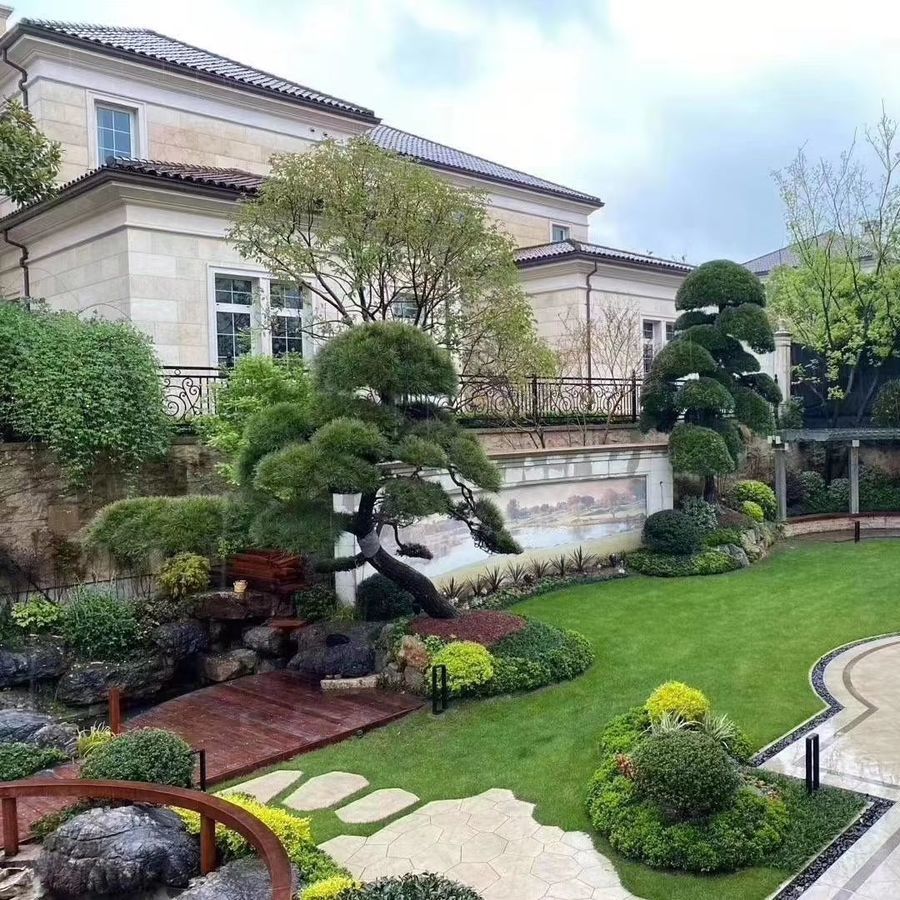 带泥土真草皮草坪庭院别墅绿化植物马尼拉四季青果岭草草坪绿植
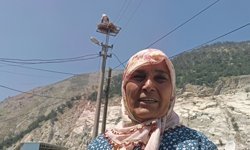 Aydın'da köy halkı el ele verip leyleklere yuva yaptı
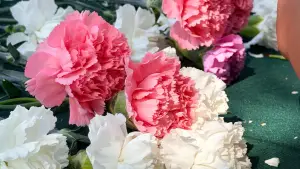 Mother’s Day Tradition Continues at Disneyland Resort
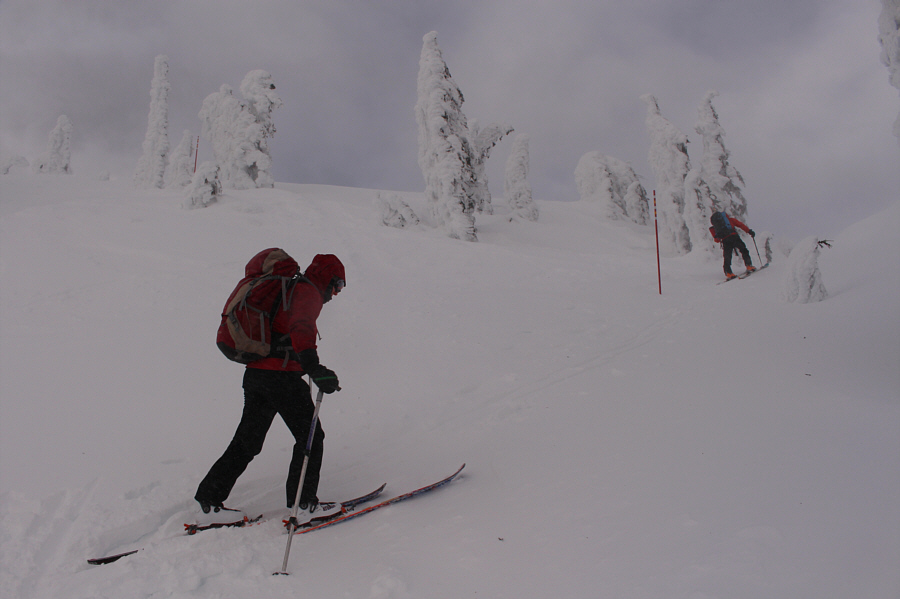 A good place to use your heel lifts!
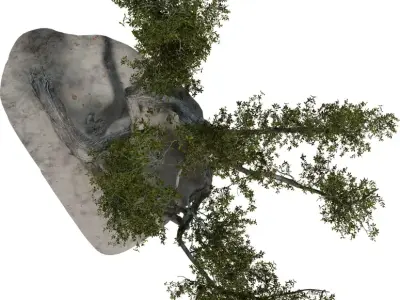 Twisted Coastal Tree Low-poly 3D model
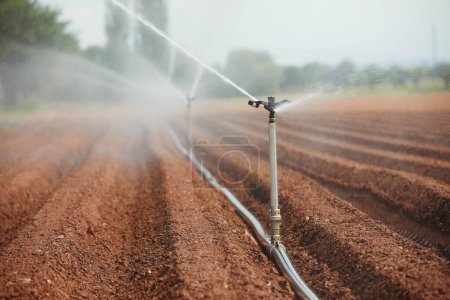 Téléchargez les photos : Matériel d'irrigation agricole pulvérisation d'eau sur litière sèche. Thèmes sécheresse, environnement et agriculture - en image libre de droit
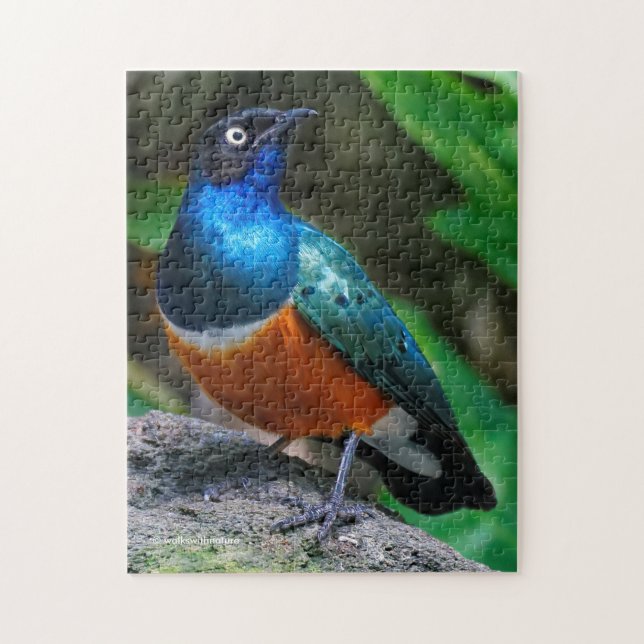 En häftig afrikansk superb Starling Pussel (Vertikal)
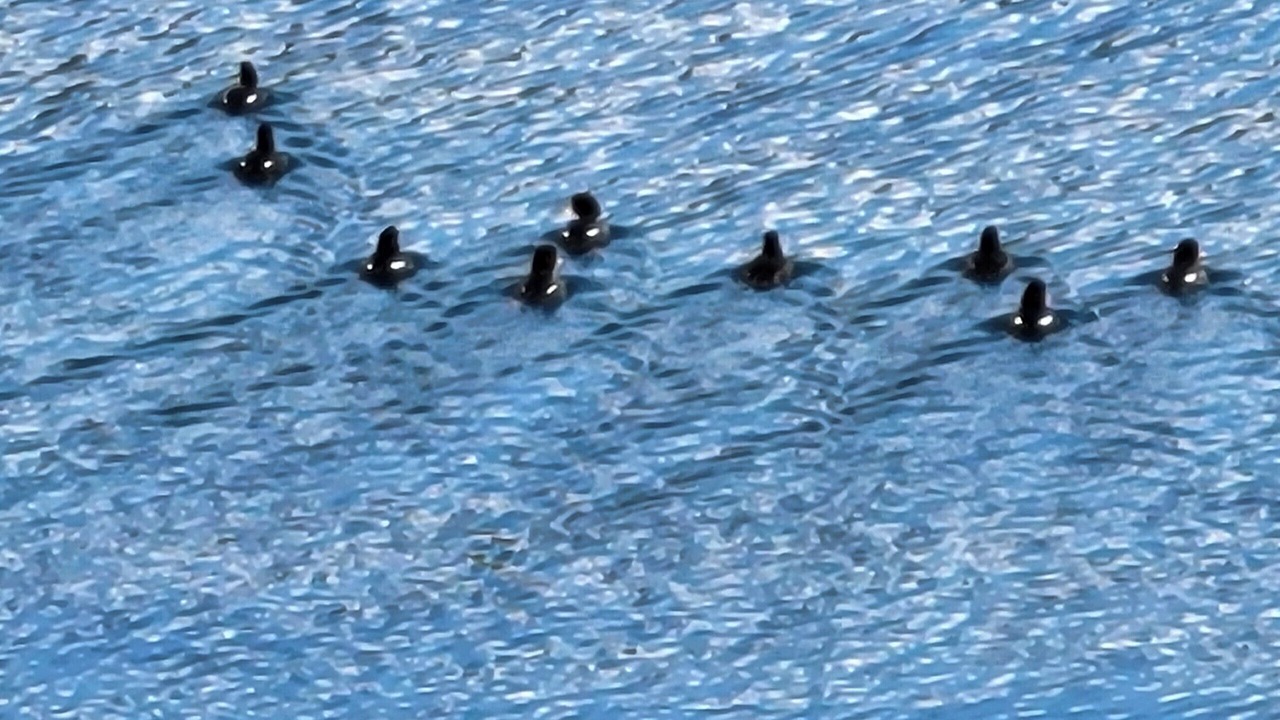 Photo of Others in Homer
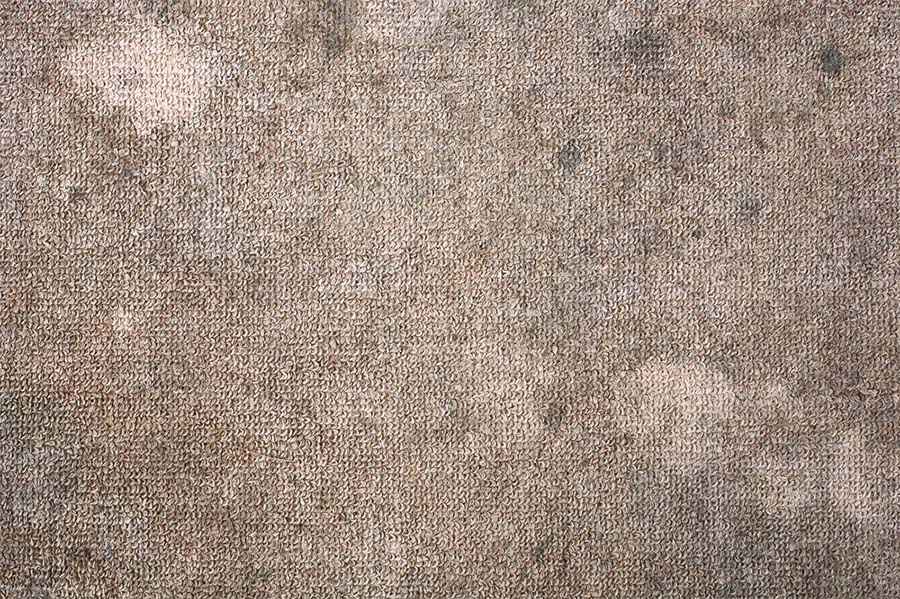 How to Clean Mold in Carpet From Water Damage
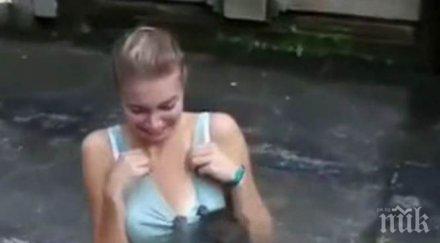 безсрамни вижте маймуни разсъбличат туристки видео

····················

TRY IT: With the pictures dropped, write out all of the entries word for word.

OUTPUT BELOW:
 带泥土真草皮草坪庭院别墅绿化植物马尼拉四季青果岭草草坪绿植
 Aydın'da köy halkı el ele verip leyleklere yuva yaptı
 Mother’s Day Tradition Continues at Disneyland Resort
 A good place to use your heel lifts!
 Twisted Coastal Tree Low-poly 3D model
 Téléchargez les photos : Matériel d'irrigation agricole pulvérisation d'eau sur litière sèche. Thèmes sécheresse, environnement et agriculture - en image libre de droit
 En häftig afrikansk superb Starling Pussel (Vertikal)
 Photo of Others in Homer
 How to Clean Mold in Carpet From Water Damage
 безсрамни вижте маймуни разсъбличат туристки видео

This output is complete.